**Dataset excerpts:**
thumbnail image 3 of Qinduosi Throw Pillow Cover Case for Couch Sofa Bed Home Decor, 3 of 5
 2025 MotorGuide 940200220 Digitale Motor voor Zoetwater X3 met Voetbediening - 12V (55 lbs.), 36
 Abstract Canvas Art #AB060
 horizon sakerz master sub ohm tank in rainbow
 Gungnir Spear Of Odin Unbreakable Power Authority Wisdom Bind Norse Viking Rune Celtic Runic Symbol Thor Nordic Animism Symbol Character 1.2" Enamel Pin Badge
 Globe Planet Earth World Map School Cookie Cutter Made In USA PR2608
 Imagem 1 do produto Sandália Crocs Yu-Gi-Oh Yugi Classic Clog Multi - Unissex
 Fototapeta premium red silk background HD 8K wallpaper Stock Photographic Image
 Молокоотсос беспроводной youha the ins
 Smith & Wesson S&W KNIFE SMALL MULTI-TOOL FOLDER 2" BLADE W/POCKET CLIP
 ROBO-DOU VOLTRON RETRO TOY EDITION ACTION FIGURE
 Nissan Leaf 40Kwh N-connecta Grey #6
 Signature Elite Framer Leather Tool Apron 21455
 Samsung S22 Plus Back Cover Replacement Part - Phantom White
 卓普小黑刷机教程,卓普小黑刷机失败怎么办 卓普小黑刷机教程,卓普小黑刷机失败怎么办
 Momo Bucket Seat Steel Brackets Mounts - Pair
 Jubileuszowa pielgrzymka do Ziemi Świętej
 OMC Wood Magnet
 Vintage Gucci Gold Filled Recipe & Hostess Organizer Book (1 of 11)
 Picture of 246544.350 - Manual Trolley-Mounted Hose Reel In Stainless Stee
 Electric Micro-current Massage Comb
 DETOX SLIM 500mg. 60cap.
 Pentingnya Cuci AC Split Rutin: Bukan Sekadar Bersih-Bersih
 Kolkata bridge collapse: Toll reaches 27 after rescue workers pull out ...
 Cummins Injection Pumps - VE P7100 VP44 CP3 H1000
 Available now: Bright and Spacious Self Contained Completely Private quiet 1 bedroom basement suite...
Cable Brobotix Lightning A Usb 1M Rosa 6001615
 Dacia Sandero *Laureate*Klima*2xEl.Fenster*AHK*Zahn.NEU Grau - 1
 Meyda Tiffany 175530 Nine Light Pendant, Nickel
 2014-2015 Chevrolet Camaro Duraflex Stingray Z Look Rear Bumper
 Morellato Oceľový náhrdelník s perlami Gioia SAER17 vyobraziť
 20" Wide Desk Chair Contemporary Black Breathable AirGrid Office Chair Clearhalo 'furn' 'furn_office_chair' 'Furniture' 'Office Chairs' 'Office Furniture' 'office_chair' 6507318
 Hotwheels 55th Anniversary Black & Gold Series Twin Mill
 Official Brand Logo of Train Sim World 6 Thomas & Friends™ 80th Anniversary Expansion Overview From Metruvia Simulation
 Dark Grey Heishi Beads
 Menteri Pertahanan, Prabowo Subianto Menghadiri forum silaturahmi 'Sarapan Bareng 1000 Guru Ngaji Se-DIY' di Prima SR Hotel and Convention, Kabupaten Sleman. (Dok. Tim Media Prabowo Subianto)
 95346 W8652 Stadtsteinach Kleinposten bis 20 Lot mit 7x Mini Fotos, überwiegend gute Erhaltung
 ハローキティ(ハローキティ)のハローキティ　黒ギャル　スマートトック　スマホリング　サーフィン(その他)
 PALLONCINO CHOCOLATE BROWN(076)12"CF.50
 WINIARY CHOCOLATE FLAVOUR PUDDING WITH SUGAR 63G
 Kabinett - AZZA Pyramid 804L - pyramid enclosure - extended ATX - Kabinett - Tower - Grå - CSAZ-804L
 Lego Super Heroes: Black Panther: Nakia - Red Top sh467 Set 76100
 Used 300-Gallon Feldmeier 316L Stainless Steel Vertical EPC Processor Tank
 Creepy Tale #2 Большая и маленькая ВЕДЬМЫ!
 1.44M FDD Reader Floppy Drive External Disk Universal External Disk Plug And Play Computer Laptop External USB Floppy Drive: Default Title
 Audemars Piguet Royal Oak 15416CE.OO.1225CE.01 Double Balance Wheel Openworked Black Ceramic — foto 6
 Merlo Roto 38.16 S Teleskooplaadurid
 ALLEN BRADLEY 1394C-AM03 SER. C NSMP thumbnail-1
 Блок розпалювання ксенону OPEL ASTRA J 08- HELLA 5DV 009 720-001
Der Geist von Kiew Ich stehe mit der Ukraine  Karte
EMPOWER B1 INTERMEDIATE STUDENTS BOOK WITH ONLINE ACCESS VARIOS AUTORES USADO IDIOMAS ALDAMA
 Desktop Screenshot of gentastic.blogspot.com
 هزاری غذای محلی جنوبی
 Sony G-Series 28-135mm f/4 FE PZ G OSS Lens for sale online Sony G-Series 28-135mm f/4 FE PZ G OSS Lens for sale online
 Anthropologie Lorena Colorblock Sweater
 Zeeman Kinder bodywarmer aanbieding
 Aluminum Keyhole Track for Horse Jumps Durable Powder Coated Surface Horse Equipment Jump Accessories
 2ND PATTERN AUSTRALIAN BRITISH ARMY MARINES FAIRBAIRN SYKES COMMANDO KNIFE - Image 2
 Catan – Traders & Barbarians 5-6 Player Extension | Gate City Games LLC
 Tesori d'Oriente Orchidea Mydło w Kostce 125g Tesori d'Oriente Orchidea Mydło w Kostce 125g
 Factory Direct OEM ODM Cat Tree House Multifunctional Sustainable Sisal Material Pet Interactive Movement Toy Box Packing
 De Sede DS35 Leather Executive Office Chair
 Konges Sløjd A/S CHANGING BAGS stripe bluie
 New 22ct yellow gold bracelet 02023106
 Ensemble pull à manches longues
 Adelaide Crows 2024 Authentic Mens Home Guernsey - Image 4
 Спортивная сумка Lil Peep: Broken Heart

**Action item:**
Return exactly the lines above from the line that has "Dark Grey Heishi Beads" through the line that has "Menteri Pertahanan, Prabowo", inclusive, and nothing else.

**Task solution:**
 Dark Grey Heishi Beads
 Menteri Pertahanan, Prabowo Subianto Menghadiri forum silaturahmi 'Sarapan Bareng 1000 Guru Ngaji Se-DIY' di Prima SR Hotel and Convention, Kabupaten Sleman. (Dok. Tim Media Prabowo Subianto)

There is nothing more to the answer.